Michael Freeman: The Photographer's Eye: Composition and Design for Better Digital Photos
by Gisle Hannemyr
Published: 2010-09-02.
Michael Freeman: The Photo­grapher's Eye: Composition and Design for Better Digital Photos; Focal Press, 2007; USD 19.77; (26 x 24 cm, 192 pages).

(Buy this book at: - US, - UK.)

Back in 1988, photographer Michael Freeman published a legendary book named The Image. After it went out of print, used copies were sold for three figure amounts at auctions. Now, the book has been updated and re-issued by Focal Press. The new edition is called The Photo­grapher's Eye: Composition and Design for Better Digital Photos. The book is in large format and lavishly illustrated with Freeman's own images.

In his introduction, Freeman discusses the conflict between the technical aspects of photography (i.e. mastering the equipment), as opposed to the aspects that shape the photograph through composition and design. He writes:

Most people using a camera for the first time try to master the controls but ignore the ideas. They photograph intuitively, liking or disliking what they see without stopping to think why, and framing the view in the same way. Anyone who does it well is a natural photographer. But knowing in advance why some compositions or certain combinations of colours seem to work better than others, better equips any photographer.
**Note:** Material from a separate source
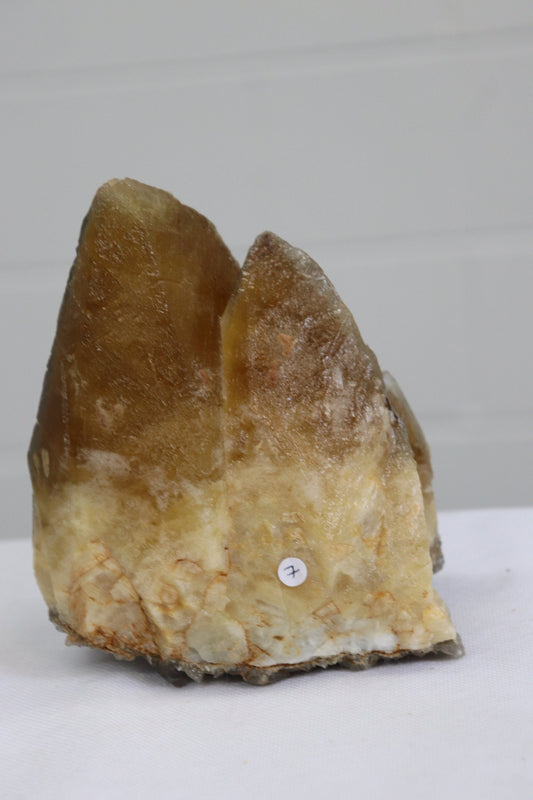 7) Extra Large Dog Tooth Calcite Crystal Stellar Beam Mineral From Morocco 1.44kg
He goes on to say that there seems to be a lot of books on the market that discusses the technical aspects of photography, but no book that teaches composition and design from the photographer's (as opposed to the art critic's) perspective. What Freeman obviously want to do with this book, is to remedy this. He believes that the principles of composition and design in photography, like in any other graphic art, can be thought, and he has written this book to prove this.

It follows that this is not a general photography tutorial aimed at beginners. Freeman sticks to a single subject, described in its sub-title: “Composition and Design for Better Digital Photos”. I know about no other photography book that discusses this subject to the same level of depth as Freeman's book.

The book is illustrated with high quality photos from Freeman's portfolio. There is of course no technical data attached to any of the included photos. Technical details about focal length, ISO, shutter time and aperture is not what this book is about, and Freeman probably regard them as distractions.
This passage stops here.